* _YOUR OBJECTIVE_
Repeat exactly the lines that run from the one containing "Used 2022 Kia Telluride LX FWD image 39" to the end of the data, and leave out all others.

### INFORMATION SUPPLIED

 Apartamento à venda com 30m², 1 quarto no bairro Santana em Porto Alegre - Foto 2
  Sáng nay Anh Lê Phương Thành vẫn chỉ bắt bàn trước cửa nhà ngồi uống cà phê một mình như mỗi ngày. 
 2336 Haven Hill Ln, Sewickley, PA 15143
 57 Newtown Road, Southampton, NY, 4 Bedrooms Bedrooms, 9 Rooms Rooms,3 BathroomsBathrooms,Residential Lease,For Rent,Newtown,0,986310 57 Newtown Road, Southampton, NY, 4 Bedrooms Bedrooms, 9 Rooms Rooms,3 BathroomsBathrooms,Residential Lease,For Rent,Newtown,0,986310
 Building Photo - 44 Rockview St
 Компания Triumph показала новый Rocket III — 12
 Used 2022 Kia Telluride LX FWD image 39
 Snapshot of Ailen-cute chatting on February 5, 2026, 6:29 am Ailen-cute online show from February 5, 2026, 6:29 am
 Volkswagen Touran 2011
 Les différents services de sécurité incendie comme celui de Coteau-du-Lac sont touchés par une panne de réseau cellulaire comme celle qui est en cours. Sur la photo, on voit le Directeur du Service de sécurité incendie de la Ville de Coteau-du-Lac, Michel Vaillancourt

######

* _TASK RESPONSE_
 Used 2022 Kia Telluride LX FWD image 39
 Snapshot of Ailen-cute chatting on February 5, 2026, 6:29 am Ailen-cute online show from February 5, 2026, 6:29 am
 Volkswagen Touran 2011
 Les différents services de sécurité incendie comme celui de Coteau-du-Lac sont touchés par une panne de réseau cellulaire comme celle qui est en cours. Sur la photo, on voit le Directeur du Service de sécurité incendie de la Ville de Coteau-du-Lac, Michel Vaillancourt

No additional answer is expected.